(PROBLEM STATEMENT)
Copy out the records so that each line matches the original.

(Records contained in a dataset)
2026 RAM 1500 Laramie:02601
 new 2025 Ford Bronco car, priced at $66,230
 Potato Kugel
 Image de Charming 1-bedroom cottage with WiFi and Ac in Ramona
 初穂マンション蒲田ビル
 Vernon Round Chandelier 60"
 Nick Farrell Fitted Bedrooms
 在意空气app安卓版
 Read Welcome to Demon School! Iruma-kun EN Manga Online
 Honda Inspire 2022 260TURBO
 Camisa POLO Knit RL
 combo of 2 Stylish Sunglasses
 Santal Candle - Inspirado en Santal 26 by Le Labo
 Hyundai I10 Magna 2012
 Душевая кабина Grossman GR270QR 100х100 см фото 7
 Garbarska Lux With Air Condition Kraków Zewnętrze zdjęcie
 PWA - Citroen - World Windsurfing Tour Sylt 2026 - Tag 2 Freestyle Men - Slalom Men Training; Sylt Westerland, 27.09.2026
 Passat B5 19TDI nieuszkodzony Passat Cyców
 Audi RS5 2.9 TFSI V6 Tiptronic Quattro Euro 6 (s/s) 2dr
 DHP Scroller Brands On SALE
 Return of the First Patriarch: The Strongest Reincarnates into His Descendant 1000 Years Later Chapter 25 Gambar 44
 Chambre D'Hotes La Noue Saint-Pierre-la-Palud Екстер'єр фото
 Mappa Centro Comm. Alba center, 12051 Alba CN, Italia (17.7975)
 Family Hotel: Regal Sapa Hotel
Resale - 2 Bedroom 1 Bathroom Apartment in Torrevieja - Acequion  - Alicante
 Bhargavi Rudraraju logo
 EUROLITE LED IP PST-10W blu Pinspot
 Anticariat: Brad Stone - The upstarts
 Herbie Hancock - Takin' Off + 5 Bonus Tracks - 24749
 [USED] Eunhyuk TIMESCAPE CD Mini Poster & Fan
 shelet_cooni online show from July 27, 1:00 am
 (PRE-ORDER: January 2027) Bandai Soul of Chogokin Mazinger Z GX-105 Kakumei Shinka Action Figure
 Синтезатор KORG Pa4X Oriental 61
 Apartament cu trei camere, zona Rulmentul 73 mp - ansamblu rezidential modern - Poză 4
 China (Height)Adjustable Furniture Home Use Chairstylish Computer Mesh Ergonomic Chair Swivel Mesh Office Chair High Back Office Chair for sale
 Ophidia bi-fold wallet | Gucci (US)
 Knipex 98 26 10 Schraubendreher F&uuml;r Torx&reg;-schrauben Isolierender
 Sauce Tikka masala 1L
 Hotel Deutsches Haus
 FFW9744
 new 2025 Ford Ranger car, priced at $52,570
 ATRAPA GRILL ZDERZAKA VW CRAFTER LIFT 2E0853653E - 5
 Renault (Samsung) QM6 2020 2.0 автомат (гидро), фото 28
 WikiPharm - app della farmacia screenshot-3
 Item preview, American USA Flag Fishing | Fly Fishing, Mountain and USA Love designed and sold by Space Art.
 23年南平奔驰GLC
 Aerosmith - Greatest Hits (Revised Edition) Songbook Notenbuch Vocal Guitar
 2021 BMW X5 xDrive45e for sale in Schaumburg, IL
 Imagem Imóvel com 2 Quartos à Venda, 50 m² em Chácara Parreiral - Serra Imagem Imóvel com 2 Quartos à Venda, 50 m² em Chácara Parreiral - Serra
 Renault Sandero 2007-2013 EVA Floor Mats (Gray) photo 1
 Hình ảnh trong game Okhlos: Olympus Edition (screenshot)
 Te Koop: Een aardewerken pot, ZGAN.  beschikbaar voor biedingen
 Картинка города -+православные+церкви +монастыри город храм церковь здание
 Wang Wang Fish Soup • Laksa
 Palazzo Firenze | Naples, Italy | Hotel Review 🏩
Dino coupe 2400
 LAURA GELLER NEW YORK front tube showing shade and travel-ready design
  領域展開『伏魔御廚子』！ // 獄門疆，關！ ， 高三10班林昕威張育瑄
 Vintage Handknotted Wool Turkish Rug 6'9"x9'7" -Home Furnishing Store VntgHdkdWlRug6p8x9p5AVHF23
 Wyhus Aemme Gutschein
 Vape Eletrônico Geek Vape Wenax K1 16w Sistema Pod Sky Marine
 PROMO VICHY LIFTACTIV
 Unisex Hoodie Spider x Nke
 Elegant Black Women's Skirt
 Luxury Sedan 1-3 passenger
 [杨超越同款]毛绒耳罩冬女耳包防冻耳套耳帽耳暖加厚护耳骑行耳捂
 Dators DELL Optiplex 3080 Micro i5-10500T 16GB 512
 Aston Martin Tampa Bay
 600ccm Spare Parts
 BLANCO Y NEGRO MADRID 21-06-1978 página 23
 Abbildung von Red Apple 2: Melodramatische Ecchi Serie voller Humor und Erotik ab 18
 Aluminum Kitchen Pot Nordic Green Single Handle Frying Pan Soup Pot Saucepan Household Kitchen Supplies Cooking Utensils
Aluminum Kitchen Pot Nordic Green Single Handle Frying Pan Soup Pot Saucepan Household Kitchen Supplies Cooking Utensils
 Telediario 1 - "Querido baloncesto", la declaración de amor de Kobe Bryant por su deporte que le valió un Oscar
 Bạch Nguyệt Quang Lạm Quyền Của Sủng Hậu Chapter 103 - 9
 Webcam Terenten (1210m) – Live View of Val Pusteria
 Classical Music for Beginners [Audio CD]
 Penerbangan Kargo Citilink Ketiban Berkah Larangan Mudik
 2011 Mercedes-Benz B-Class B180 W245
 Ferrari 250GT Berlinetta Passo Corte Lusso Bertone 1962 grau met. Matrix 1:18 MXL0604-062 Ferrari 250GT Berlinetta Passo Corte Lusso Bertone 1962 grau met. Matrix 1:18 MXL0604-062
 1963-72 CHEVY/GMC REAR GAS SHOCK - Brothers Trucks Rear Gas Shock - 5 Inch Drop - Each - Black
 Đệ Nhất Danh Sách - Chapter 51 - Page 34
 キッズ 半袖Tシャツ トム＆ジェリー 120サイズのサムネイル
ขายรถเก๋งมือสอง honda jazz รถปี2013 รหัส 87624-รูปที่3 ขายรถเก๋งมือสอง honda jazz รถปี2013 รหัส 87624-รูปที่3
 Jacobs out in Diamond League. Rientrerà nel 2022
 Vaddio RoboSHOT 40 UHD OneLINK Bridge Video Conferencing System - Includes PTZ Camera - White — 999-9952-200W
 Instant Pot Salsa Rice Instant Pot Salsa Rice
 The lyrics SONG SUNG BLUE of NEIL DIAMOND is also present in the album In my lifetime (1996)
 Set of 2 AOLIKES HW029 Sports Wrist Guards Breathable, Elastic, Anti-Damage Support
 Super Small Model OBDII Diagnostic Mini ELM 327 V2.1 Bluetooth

(RESULT OF THE EXERCISE)
2026 RAM 1500 Laramie:02601
 new 2025 Ford Bronco car, priced at $66,230
 Potato Kugel
 Image de Charming 1-bedroom cottage with WiFi and Ac in Ramona
 初穂マンション蒲田ビル
 Vernon Round Chandelier 60"
 Nick Farrell Fitted Bedrooms
 在意空气app安卓版
 Read Welcome to Demon School! Iruma-kun EN Manga Online
 Honda Inspire 2022 260TURBO
 Camisa POLO Knit RL
 combo of 2 Stylish Sunglasses
 Santal Candle - Inspirado en Santal 26 by Le Labo
 Hyundai I10 Magna 2012
 Душевая кабина Grossman GR270QR 100х100 см фото 7
 Garbarska Lux With Air Condition Kraków Zewnętrze zdjęcie
 PWA - Citroen - World Windsurfing Tour Sylt 2026 - Tag 2 Freestyle Men - Slalom Men Training; Sylt Westerland, 27.09.2026
 Passat B5 19TDI nieuszkodzony Passat Cyców
 Audi RS5 2.9 TFSI V6 Tiptronic Quattro Euro 6 (s/s) 2dr
 DHP Scroller Brands On SALE
 Return of the First Patriarch: The Strongest Reincarnates into His Descendant 1000 Years Later Chapter 25 Gambar 44
 Chambre D'Hotes La Noue Saint-Pierre-la-Palud Екстер'єр фото
 Mappa Centro Comm. Alba center, 12051 Alba CN, Italia (17.7975)
 Family Hotel: Regal Sapa Hotel
Resale - 2 Bedroom 1 Bathroom Apartment in Torrevieja - Acequion  - Alicante
 Bhargavi Rudraraju logo
 EUROLITE LED IP PST-10W blu Pinspot
 Anticariat: Brad Stone - The upstarts
 Herbie Hancock - Takin' Off + 5 Bonus Tracks - 24749
 [USED] Eunhyuk TIMESCAPE CD Mini Poster & Fan
 shelet_cooni online show from July 27, 1:00 am
 (PRE-ORDER: January 2027) Bandai Soul of Chogokin Mazinger Z GX-105 Kakumei Shinka Action Figure
 Синтезатор KORG Pa4X Oriental 61
 Apartament cu trei camere, zona Rulmentul 73 mp - ansamblu rezidential modern - Poză 4
 China (Height)Adjustable Furniture Home Use Chairstylish Computer Mesh Ergonomic Chair Swivel Mesh Office Chair High Back Office Chair for sale
 Ophidia bi-fold wallet | Gucci (US)
 Knipex 98 26 10 Schraubendreher F&uuml;r Torx&reg;-schrauben Isolierender
 Sauce Tikka masala 1L
 Hotel Deutsches Haus
 FFW9744
 new 2025 Ford Ranger car, priced at $52,570
 ATRAPA GRILL ZDERZAKA VW CRAFTER LIFT 2E0853653E - 5
 Renault (Samsung) QM6 2020 2.0 автомат (гидро), фото 28
 WikiPharm - app della farmacia screenshot-3
 Item preview, American USA Flag Fishing | Fly Fishing, Mountain and USA Love designed and sold by Space Art.
 23年南平奔驰GLC
 Aerosmith - Greatest Hits (Revised Edition) Songbook Notenbuch Vocal Guitar
 2021 BMW X5 xDrive45e for sale in Schaumburg, IL
 Imagem Imóvel com 2 Quartos à Venda, 50 m² em Chácara Parreiral - Serra Imagem Imóvel com 2 Quartos à Venda, 50 m² em Chácara Parreiral - Serra
 Renault Sandero 2007-2013 EVA Floor Mats (Gray) photo 1
 Hình ảnh trong game Okhlos: Olympus Edition (screenshot)
 Te Koop: Een aardewerken pot, ZGAN.  beschikbaar voor biedingen
 Картинка города -+православные+церкви +монастыри город храм церковь здание
 Wang Wang Fish Soup • Laksa
 Palazzo Firenze | Naples, Italy | Hotel Review 🏩
Dino coupe 2400
 LAURA GELLER NEW YORK front tube showing shade and travel-ready design
  領域展開『伏魔御廚子』！ // 獄門疆，關！ ， 高三10班林昕威張育瑄
 Vintage Handknotted Wool Turkish Rug 6'9"x9'7" -Home Furnishing Store VntgHdkdWlRug6p8x9p5AVHF23
 Wyhus Aemme Gutschein
 Vape Eletrônico Geek Vape Wenax K1 16w Sistema Pod Sky Marine
 PROMO VICHY LIFTACTIV
 Unisex Hoodie Spider x Nke
 Elegant Black Women's Skirt
 Luxury Sedan 1-3 passenger
 [杨超越同款]毛绒耳罩冬女耳包防冻耳套耳帽耳暖加厚护耳骑行耳捂
 Dators DELL Optiplex 3080 Micro i5-10500T 16GB 512
 Aston Martin Tampa Bay
 600ccm Spare Parts
 BLANCO Y NEGRO MADRID 21-06-1978 página 23
 Abbildung von Red Apple 2: Melodramatische Ecchi Serie voller Humor und Erotik ab 18
 Aluminum Kitchen Pot Nordic Green Single Handle Frying Pan Soup Pot Saucepan Household Kitchen Supplies Cooking Utensils
Aluminum Kitchen Pot Nordic Green Single Handle Frying Pan Soup Pot Saucepan Household Kitchen Supplies Cooking Utensils
 Telediario 1 - "Querido baloncesto", la declaración de amor de Kobe Bryant por su deporte que le valió un Oscar
 Bạch Nguyệt Quang Lạm Quyền Của Sủng Hậu Chapter 103 - 9
 Webcam Terenten (1210m) – Live View of Val Pusteria
 Classical Music for Beginners [Audio CD]
 Penerbangan Kargo Citilink Ketiban Berkah Larangan Mudik
 2011 Mercedes-Benz B-Class B180 W245
 Ferrari 250GT Berlinetta Passo Corte Lusso Bertone 1962 grau met. Matrix 1:18 MXL0604-062 Ferrari 250GT Berlinetta Passo Corte Lusso Bertone 1962 grau met. Matrix 1:18 MXL0604-062
 1963-72 CHEVY/GMC REAR GAS SHOCK - Brothers Trucks Rear Gas Shock - 5 Inch Drop - Each - Black
 Đệ Nhất Danh Sách - Chapter 51 - Page 34
 キッズ 半袖Tシャツ トム＆ジェリー 120サイズのサムネイル
ขายรถเก๋งมือสอง honda jazz รถปี2013 รหัส 87624-รูปที่3 ขายรถเก๋งมือสอง honda jazz รถปี2013 รหัส 87624-รูปที่3
 Jacobs out in Diamond League. Rientrerà nel 2022
 Vaddio RoboSHOT 40 UHD OneLINK Bridge Video Conferencing System - Includes PTZ Camera - White — 999-9952-200W
 Instant Pot Salsa Rice Instant Pot Salsa Rice
 The lyrics SONG SUNG BLUE of NEIL DIAMOND is also present in the album In my lifetime (1996)
 Set of 2 AOLIKES HW029 Sports Wrist Guards Breathable, Elastic, Anti-Damage Support
 Super Small Model OBDII Diagnostic Mini ELM 327 V2.1 Bluetooth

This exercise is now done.